DATA RECORDS:
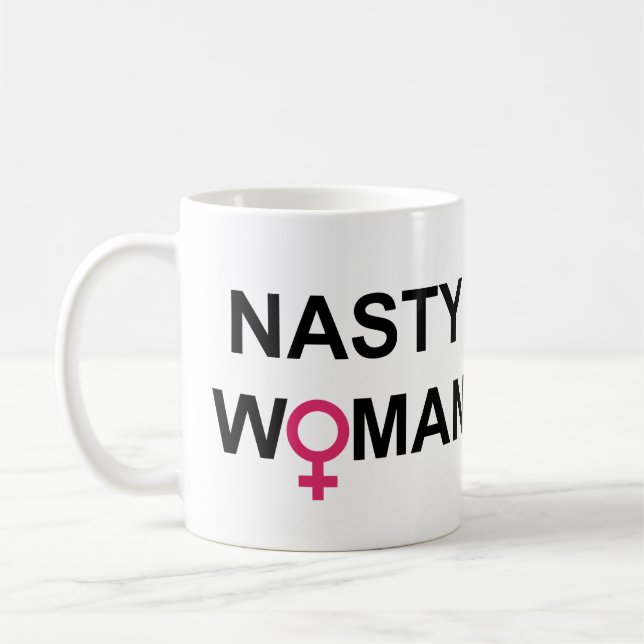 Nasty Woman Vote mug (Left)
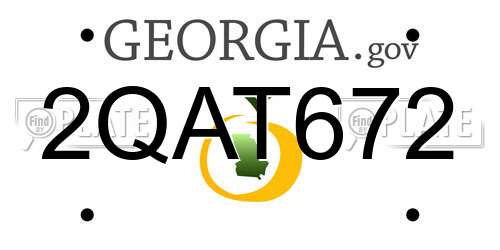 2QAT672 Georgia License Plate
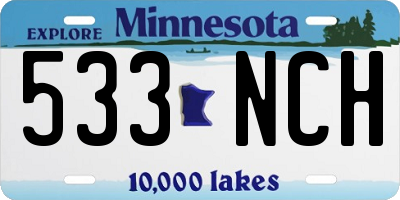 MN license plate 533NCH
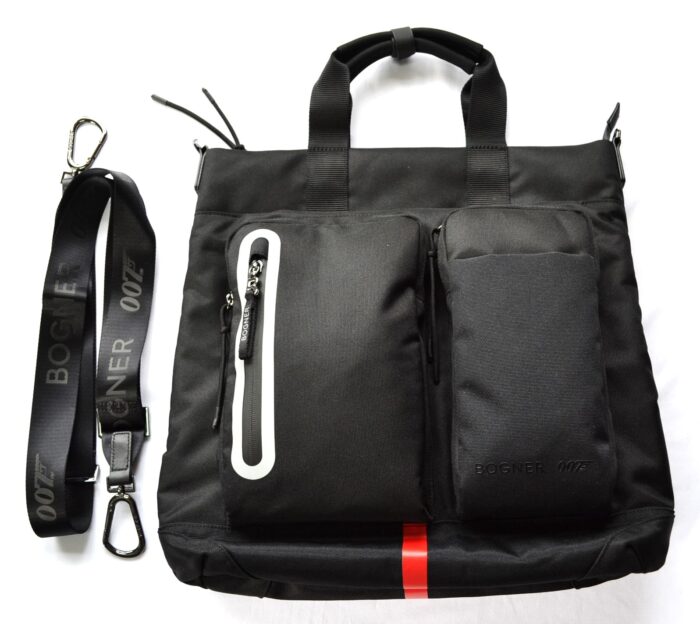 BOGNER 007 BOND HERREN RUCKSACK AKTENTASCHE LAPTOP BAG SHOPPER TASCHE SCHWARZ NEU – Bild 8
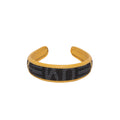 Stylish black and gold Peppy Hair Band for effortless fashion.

==

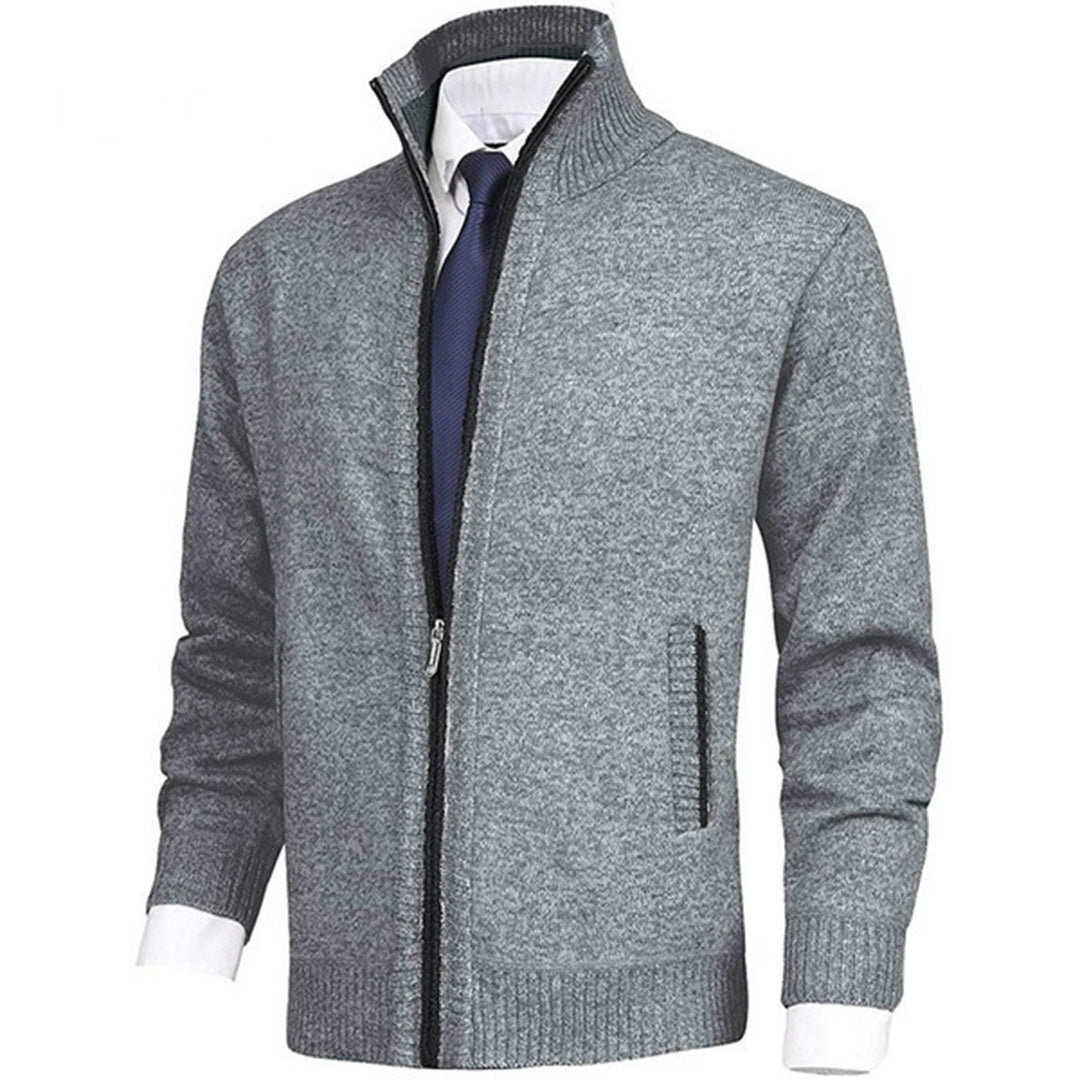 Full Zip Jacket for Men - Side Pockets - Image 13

YOUR GOAL: Retype only the lines above from the one with "MN license plate 533NCH" through the one with "Stylish black and", exactly and with both ends. Images stay out.

FINAL ANSWER:
 MN license plate 533NCH
 BOGNER 007 BOND HERREN RUCKSACK AKTENTASCHE LAPTOP BAG SHOPPER TASCHE SCHWARZ NEU – Bild 8
 Stylish black and gold Peppy Hair Band for effortless fashion.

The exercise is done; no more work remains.